▶ Information provided:
------------------------------------------------------------

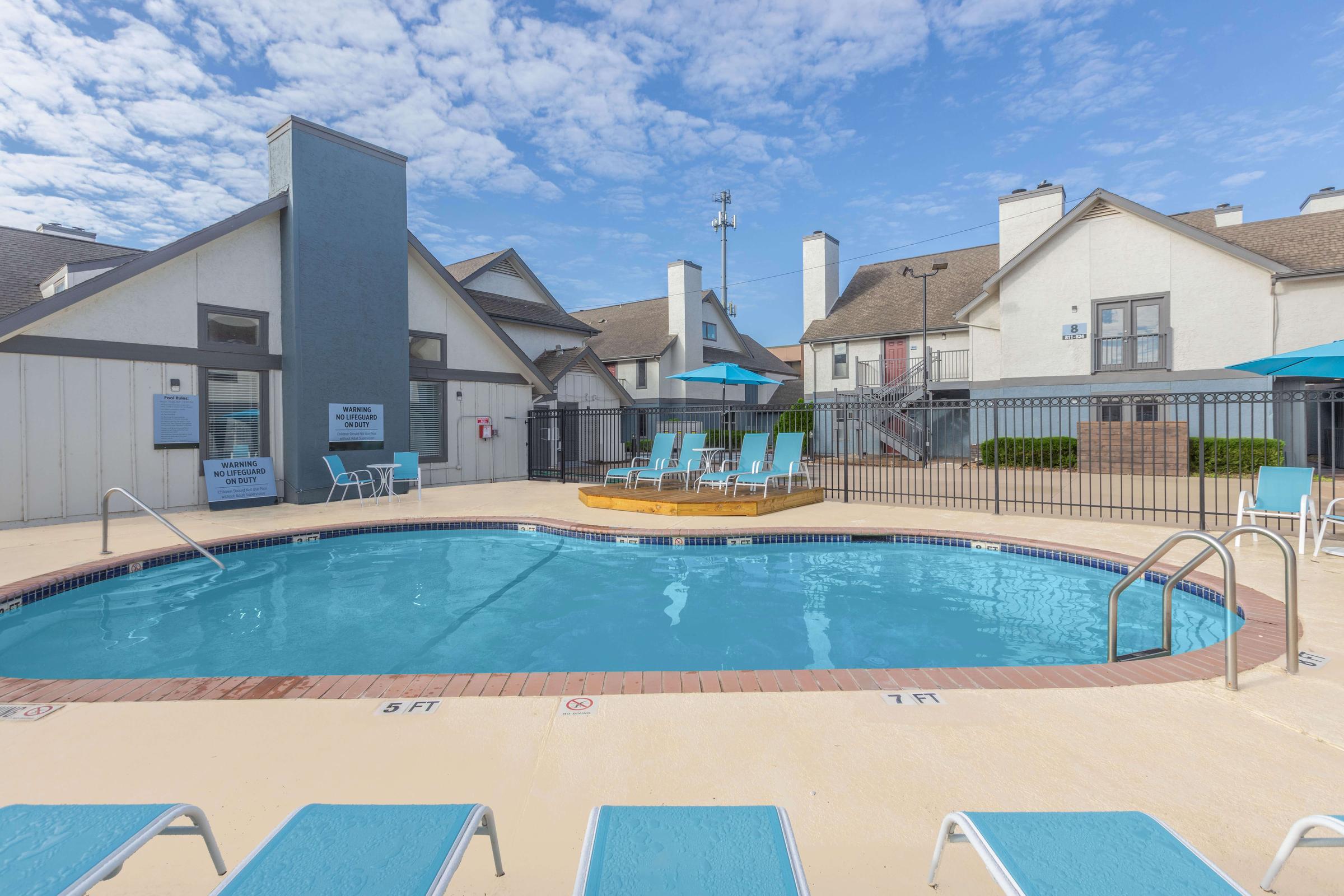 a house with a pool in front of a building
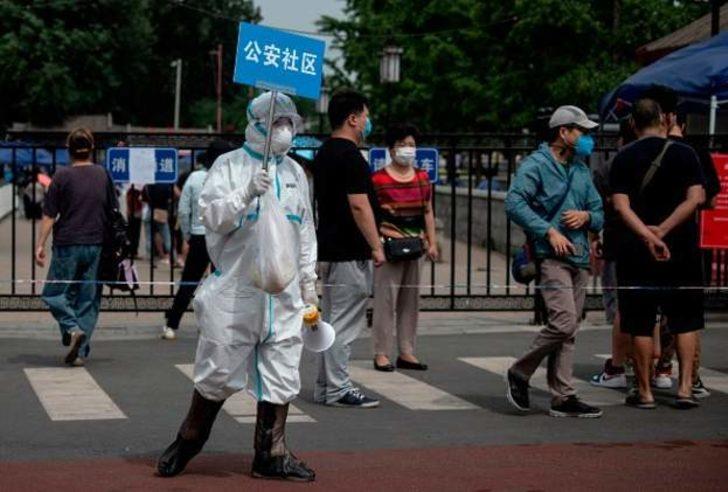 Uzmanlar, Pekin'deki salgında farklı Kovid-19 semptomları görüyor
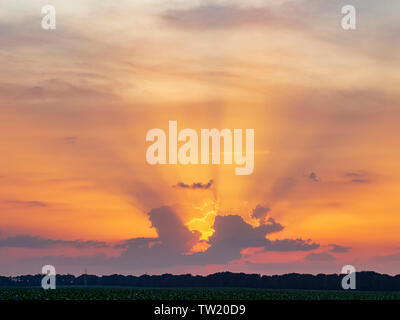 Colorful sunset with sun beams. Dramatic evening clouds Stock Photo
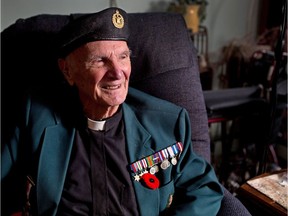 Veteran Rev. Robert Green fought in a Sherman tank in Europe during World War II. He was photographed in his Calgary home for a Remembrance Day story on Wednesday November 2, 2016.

------------------------------------------------------------

▶ Instructions to follow:
Print, exactly and only, the lines running from the line with "Colorful sunset with" through the last line of the data, including both. Skip any picture.

▶ Expected answer:
 Colorful sunset with sun beams. Dramatic evening clouds Stock Photo
 Veteran Rev. Robert Green fought in a Sherman tank in Europe during World War II. He was photographed in his Calgary home for a Remembrance Day story on Wednesday November 2, 2016.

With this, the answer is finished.